All right, so I've asked a somewhat similar question related to how Spark handles exceptions internally, but the example I had back then wasn't really clear or complete. An answer there pointed me in some direction but I can't really explain some things.
I've setup a dummy spark streaming app and in the transform stage I have a russian-roulette expression, which might or not throw an exception. If an exception is thrown, I stop the spark streaming context.
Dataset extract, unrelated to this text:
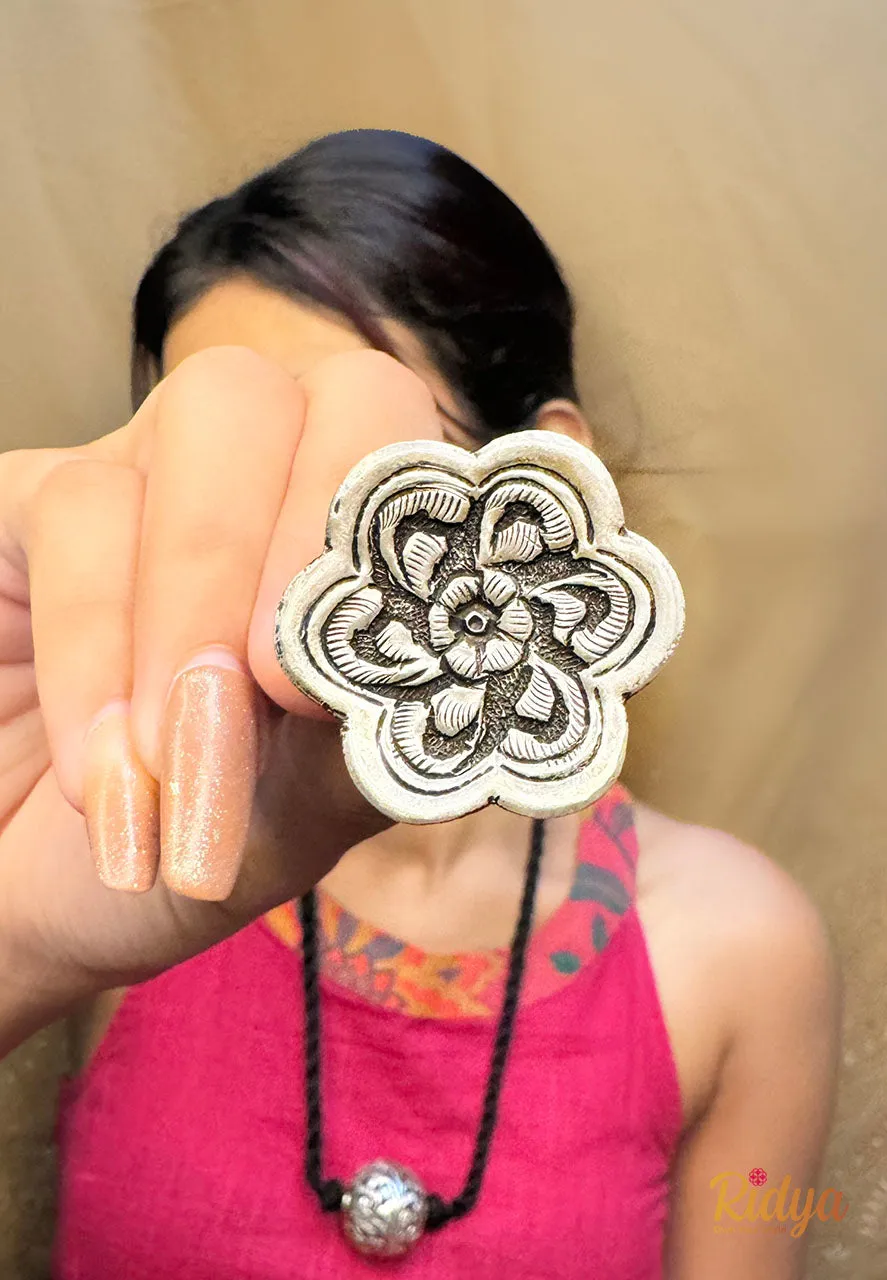 Detailed Chitai Work Flower Ring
That's it, no other logic, no RDD
transformation.
object ImmortalStreamingJob extends App {
val conf = new SparkConf().setAppName("fun-spark").setMaster("local[*]")
val ssc = new StreamingContext(conf, Seconds(1))
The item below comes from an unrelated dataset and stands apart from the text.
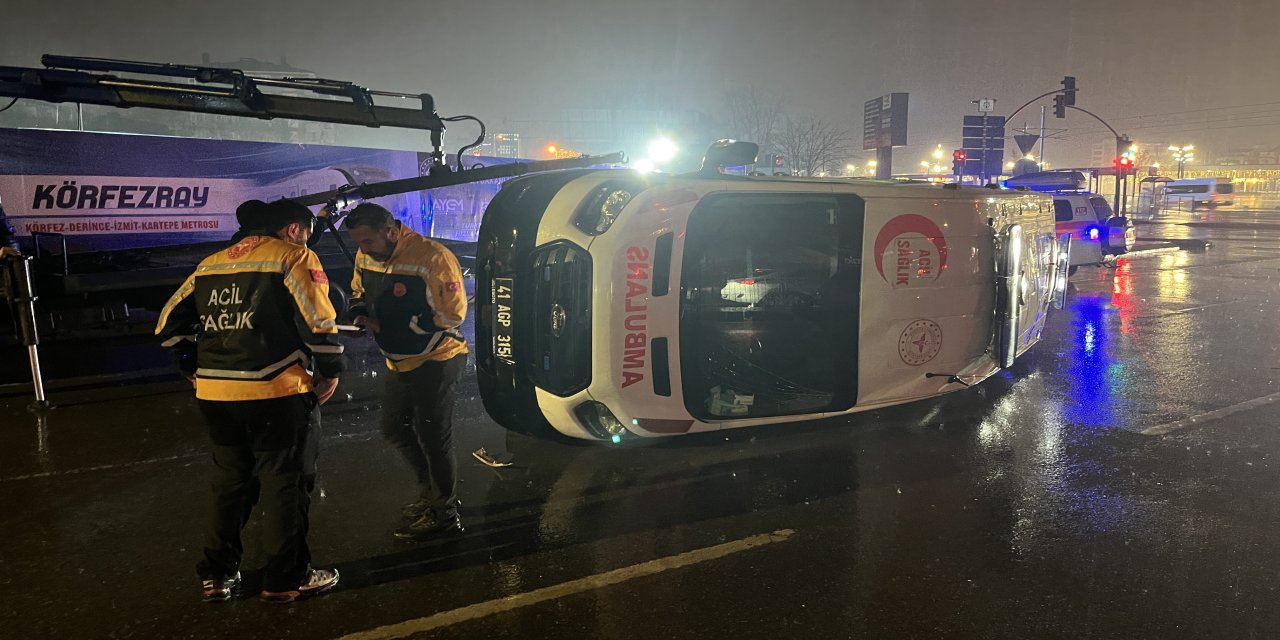 Minibüs ile çarpışan ambulans devrildi; 3’ü sağlık personeli, 6 yaralı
val elems = (1 to 1000).grouped(10)
.map(seq => ssc.sparkContext.parallelize(seq))
.toSeq
val stream = ssc.queueStream(mutable.Queue[RDD[Int]](elems: _*))
val transformed = stream.transform { rdd =>
try {
if (Random.nextInt(6) == 5) throw new RuntimeException("boom")
else println("lucky bastard")
rdd
} catch {
case e: Throwable =>
println("stopping streaming context", e)
ssc.stop(stopSparkContext = true, stopGracefully = false)
throw e
}
}
transformed.foreachRDD { rdd =>
println(rdd.collect().mkString(","))
}
ssc.start()
ssc.awaitTermination()
}
Running this in IntelliJ will throw the exception at some point. The fun part:
- if the exception is thrown in the first transformation (when the first RDD is processed), the spark context is stopped and the app dies, which is what I want
- if the exception is thrown after at least one
RDD
has been processed, the app hangs after printing the error message and never stops, which is not what I want
Why does the app hang instead of dying in the second case?
I'm running Spark 2.1.0 on Scala 2.11.8. Getting out the try-catch solves the problem (Spark stops by itself). Also, moving out the try-catch inside foreachRDD
solves the problem.
However I'm looking for an answer that can help me understand what's going on in this particular example.